In the case of MGNREGA, the handbook says the absence of clear protocols has led to workers being wrongly marked as “unwilling to work”, which it describes as a violation of the law.

Aadhaar-based verification has also created gaps in nutrition programmes. According to the study, the number of children verified through Aadhaar in the Integrated Child Development Services declined from 86.4 million in 2023-24 to 58.1 million in 2024-25. During the same period, Aadhaar verification of pregnant and lactating women declined from 10.3 million to 7.3 million.

This happened even though the number of registered children fell only slightly, from 89.1 million to 88.2 million, and the number of registered women from 10.7 million to 10.6 million. The handbook says this means many names remain on the register, but Aadhaar verification has not been completed.

At the same time, rights-based initiatives have significantly expanded welfare coverage. Following Supreme Court directions, the number of anganwadi centres increased from six lakh to 14 lakh. The number of people receiving subsidised foodgrains under the National Food Security Act rose from 36.3 crore to more than 81 crore. MGNREGA generates 200 crore to 300 crore person-days of employment each year, with women accounting for more than 55 per cent of total employment.

However, many key welfare schemes, including maternity benefits, nutrition programmes, pensions and health services, continue to face gaps in reach, funding and implementation.

Indu Prasad, president of Azim Premji University, said the Constitution embodies India’s commitment to dignity, opportunity and justice for every citizen.

“We hope this handbook will further public debates and strengthen our collective efforts to build a more just and inclusive India,” she said.

The panel said discussions on welfare must go beyond schemes and benefits, and be located within the Directive Principles of State Policy and the broader constitutional vision of social justice.

The handbook also stresses the role of local democratic institutions. It says panchayats and gram sabhas became central to rights-based welfare after the 73rd Constitutional Amendment, but their role appears to be weakening in the new digital delivery model, where decision-making is becoming more centralised.

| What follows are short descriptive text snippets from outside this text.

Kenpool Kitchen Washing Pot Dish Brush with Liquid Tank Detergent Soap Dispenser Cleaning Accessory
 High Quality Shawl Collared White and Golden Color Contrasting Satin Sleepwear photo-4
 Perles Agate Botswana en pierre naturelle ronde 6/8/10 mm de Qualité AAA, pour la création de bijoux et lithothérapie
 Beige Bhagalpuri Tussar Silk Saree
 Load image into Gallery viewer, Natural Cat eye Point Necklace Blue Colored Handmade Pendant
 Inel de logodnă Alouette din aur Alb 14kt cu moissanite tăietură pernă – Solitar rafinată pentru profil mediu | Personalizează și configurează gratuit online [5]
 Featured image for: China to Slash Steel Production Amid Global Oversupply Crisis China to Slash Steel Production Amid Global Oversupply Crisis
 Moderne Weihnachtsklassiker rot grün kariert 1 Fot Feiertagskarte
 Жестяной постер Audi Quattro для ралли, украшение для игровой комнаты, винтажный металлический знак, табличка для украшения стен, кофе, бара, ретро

Shiva Kumar said women’s education had improved and fertility rates had declined, but educated women still lacked employment opportunities. Public welfare schemes, he said, should have contributed more substantially to women’s employment.

Policy and governance expert PV Ramesh said delivery remained a major challenge, especially in remote areas where many people lack valid identification and are excluded from social programmes.

The handbook concludes that India’s welfare system has expanded considerably, but stronger public investment and institutional reforms are still needed in health, education, nutrition and social protection to build universal, accountable and responsive public services.